**TASK DESCRIPTION:**
The answer must consist solely of the lines below starting at the one containing "Итоги урока и" and ending at the one containing "Li-Ning Enkelrandig Vit Dam", repeated exactly, with both ends included and all pictures omitted.

**INPUT FOR THIS TASK:**
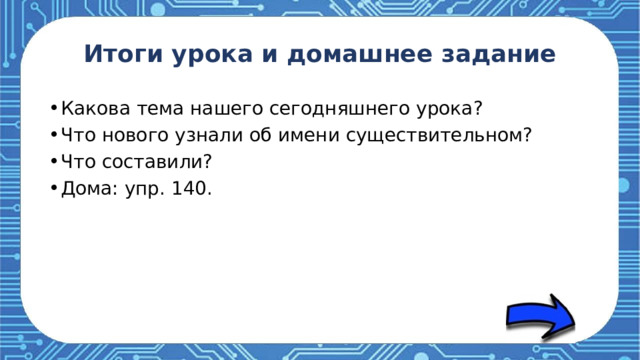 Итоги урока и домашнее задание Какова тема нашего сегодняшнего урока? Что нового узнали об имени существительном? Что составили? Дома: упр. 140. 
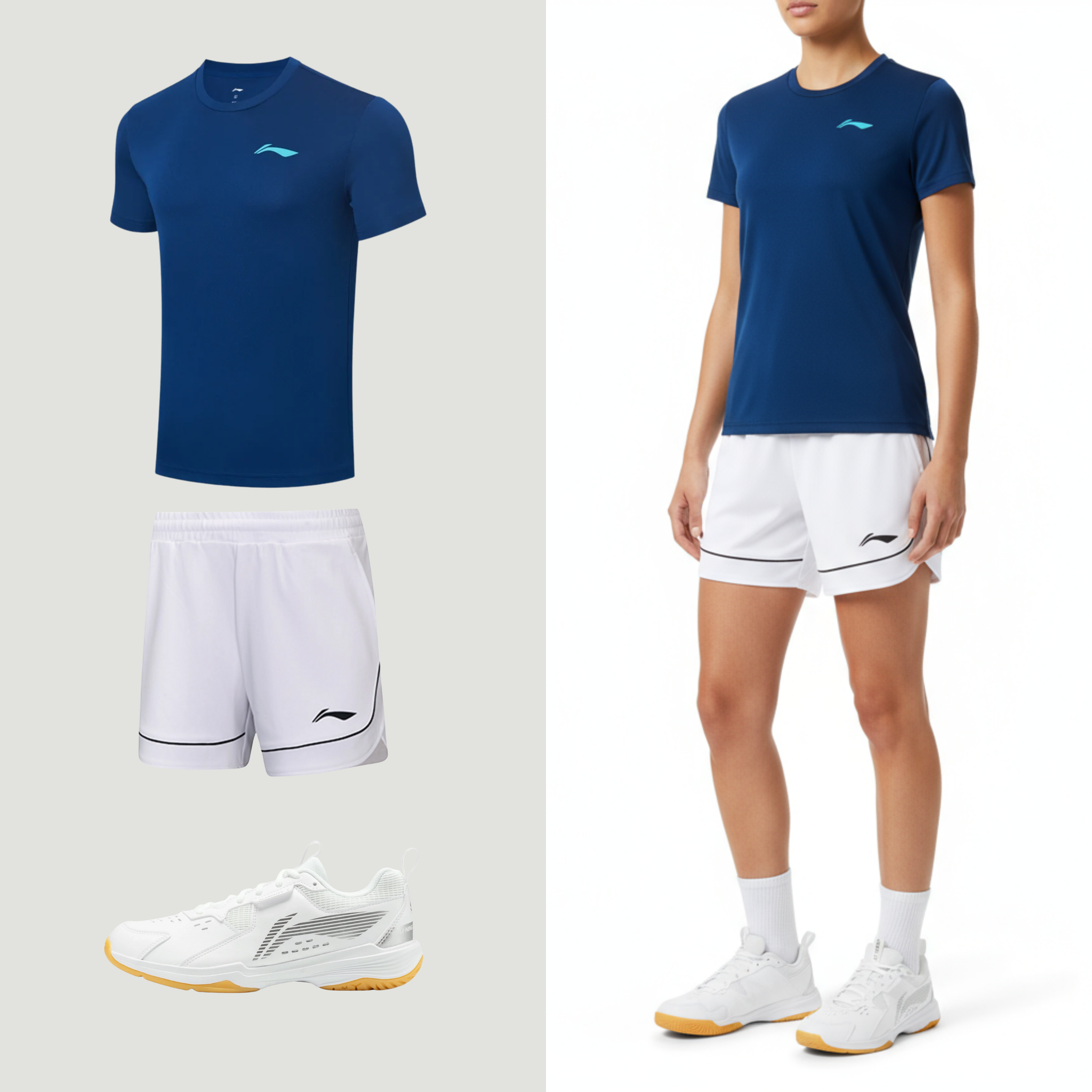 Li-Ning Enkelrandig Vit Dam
--
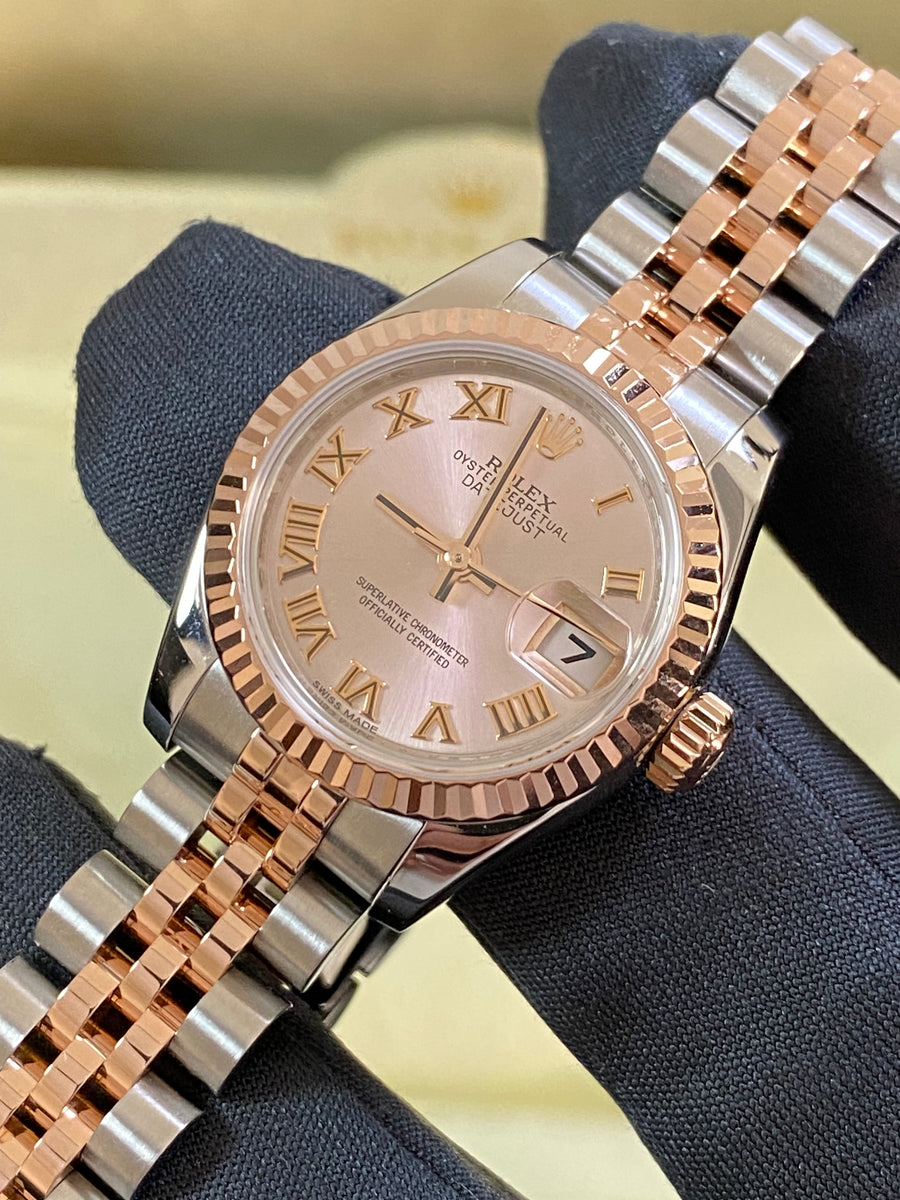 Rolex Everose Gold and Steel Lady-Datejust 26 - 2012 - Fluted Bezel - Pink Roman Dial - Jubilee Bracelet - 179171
==
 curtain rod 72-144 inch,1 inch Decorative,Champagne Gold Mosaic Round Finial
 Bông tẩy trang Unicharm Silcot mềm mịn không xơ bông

**EXPECTED ANSWER:**
 Итоги урока и домашнее задание Какова тема нашего сегодняшнего урока? Что нового узнали об имени существительном? Что составили? Дома: упр. 140. 
 Li-Ning Enkelrandig Vit Dam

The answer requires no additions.